──────── Recorded information

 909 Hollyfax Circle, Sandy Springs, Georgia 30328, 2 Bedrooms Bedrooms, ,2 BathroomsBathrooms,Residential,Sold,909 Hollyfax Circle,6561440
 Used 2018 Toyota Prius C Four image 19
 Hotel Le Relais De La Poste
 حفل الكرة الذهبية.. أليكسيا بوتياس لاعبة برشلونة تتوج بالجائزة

────────────────
──────── Recorded information

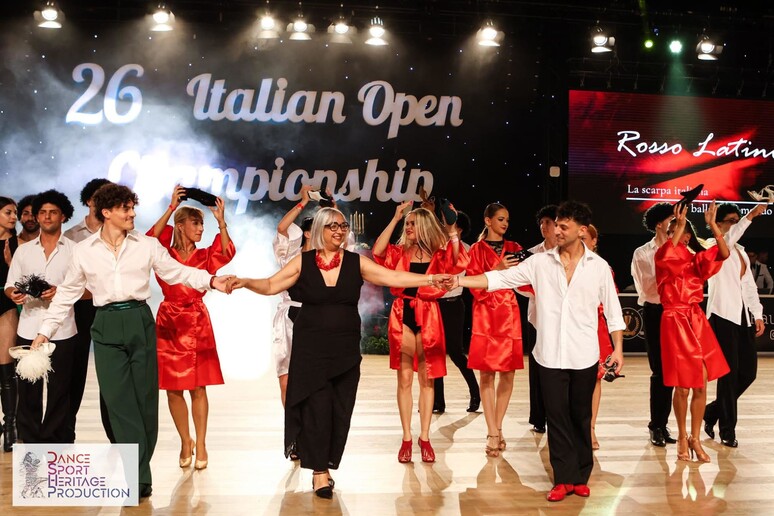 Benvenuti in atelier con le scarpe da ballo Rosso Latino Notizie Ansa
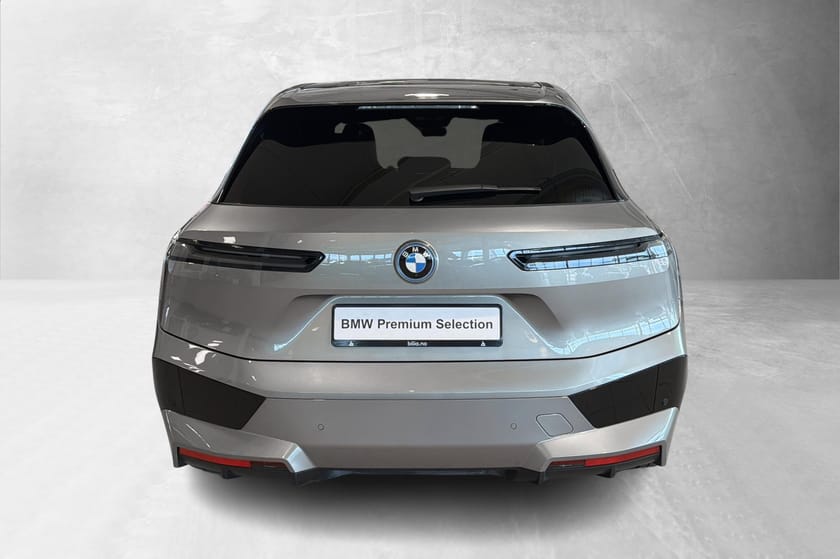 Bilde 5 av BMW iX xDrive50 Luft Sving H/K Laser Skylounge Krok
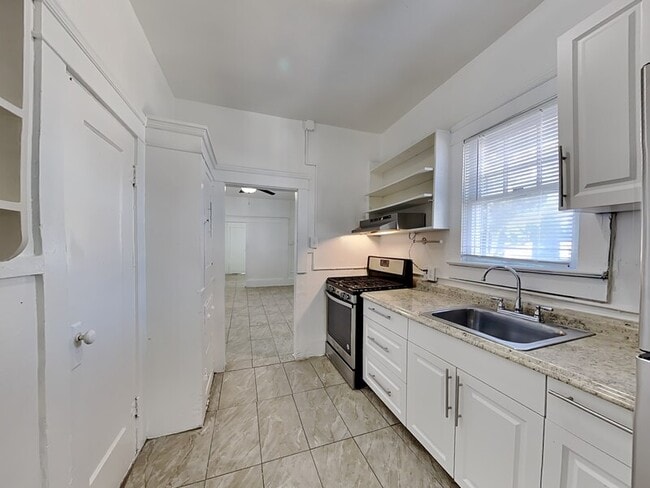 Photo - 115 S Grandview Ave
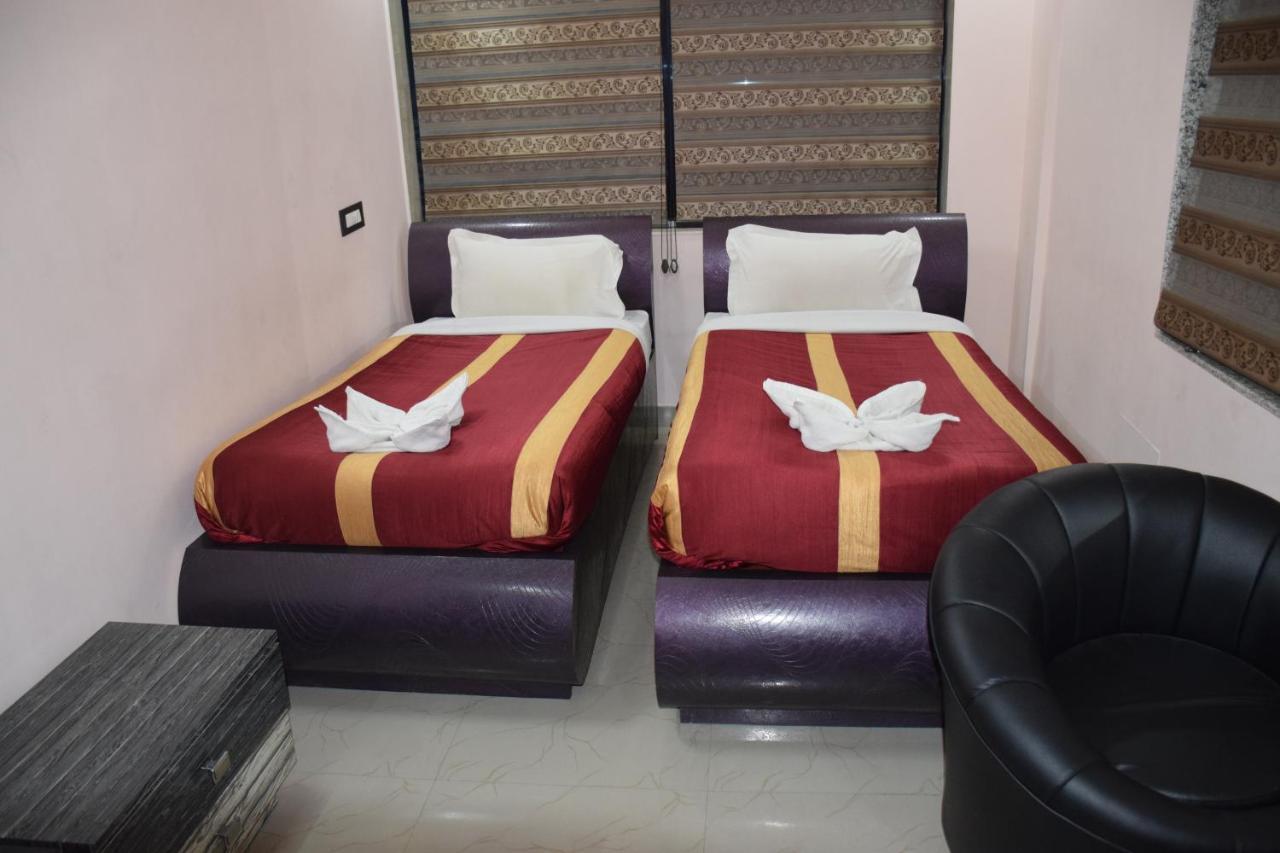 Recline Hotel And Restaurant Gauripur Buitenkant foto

────────────────

Assigned task
With the pictures omitted, print the lines above exactly, beginning at the line with "Photo - 115 S Grandview Ave" and going on through the line with "Recline Hotel And".

The answer
 Photo - 115 S Grandview Ave
 Recline Hotel And Restaurant Gauripur Buitenkant foto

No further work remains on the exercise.